Southern Rate Conf. v. United States, 471 U.S. 48 (1985)

Southern Motor Carriers Rate Conference, Inc. v. United States


No. 82-1922


Argued November 26, 1984
Decided March 27, 1985
471 U.S. 48

CERTIORARI TO THE UNITED STATES COURT OF APPEALS FOR THE
ELEVENTH CIRCUIT

Syllabus

Petitioner Southern Motor Carriers Rate Conference and petitioner North Carolina Motor Carriers Association (petitioners), "rate bureaus" composed of motor common carriers operating in North Carolina, Georgia, Tennessee, and Mississippi, submit, on behalf of their members, joint rate proposals to the Public Service Commission in each State. This collective ratemaking is authorized, but not compelled, by the respective States. The United States, contending that petitioners’ collective ratemaking violates the federal antitrust laws, filed an action in Federal District Court to enjoin it. Petitioners responded that their conduct was immune from the federal antitrust laws by virtue of the "state action" doctrine of Parker v. Brown, 317 U.S. 341. The District Court entered a summary judgment in the Government’s favor. The Court of Appeals affirmed, holding that compulsion is a threshold requirement to a finding of Parker immunity. The court reasoned that the two-pronged test of California Retail Dealers Assn. v. Midcal Aluminum, Inc., 445 U.S. 97, for determining whether state regulation of private parties is shielded from the federal antitrust laws -- the challenged restraint must be one clearly articulated and affirmatively expressed as a state policy, and the State must supervise actively any private anticompetitive conduct -- is inapplicable to suits against private parties; that even if Midcal is applicable, private conduct that is not compelled cannot be taken pursuant to a "clearly articulated state policy" within the meaning of Midcal’s first prong; and that, because Goldfarb v. Virginia State Bar, 421 U.S. 773, which held that a State Bar, acting alone, could not immunize from the federal antitrust laws its anticompetitive conduct in fixing minimum fees for lawyers -- was cited with approval in Midcal, the Midcal Court endorsed the continued validity of a "compulsion requirement."
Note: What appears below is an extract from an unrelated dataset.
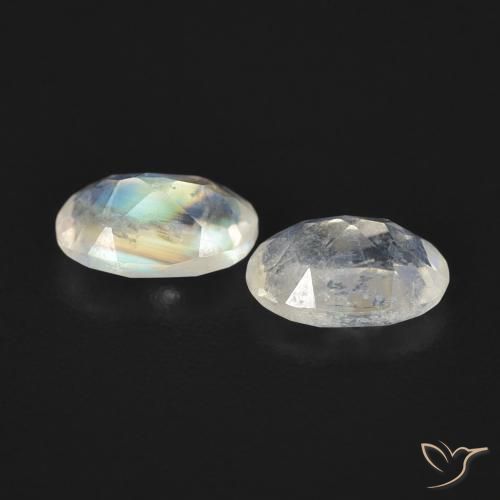Gemme di Pietra di luna arcobaleno Bianco bluastro naturale da 0.94 ct, Ovale, Trasparente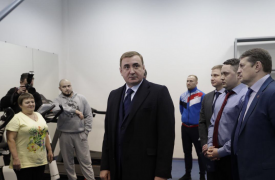 Алексей Дюмин посетил новый физкультурно-оздоровительный комплекс в Шатске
Held: Petitioners’ collective ratemaking activities, although not compelled by the respective States, are immune from federal antitrust liability under the state action doctrine. The Midcal test should be used to determine whether the private rate bureaus’ collective ratemaking activities are protected under the federal antitrust laws. Moreover, the actions of a private party can be attributed to a "clearly articulated state policy," within the meaning of the Midcal test’s first prong, even in the absence of compulsion. The anticompetitive conduct is taken pursuant to a "clearly articulated state policy" under the first prong of the Midcal test. Here, North Carolina, Georgia, and Tennessee statutes expressly permit collective ratemaking. Mississippi, while not expressly approving of collective ratemaking, has clearly articulated its intent to displace price competition among common carriers with a regulatory structure. Because the Government conceded that there was adequate state supervision, both prongs of the Midcal test are satisfied. Pp. 55-66.

702 F.2d 532, reversed.

POWELL, J., delivered the opinion of the Court, in which BURGER, C.J., and BRENNAN, MARSHALL, BLACKMUN, REHNQUIST, and O’CONNOR, JJ., joined. STEVENS, J., filed a dissenting opinion, in which WHITE, J., joined, post p. 66.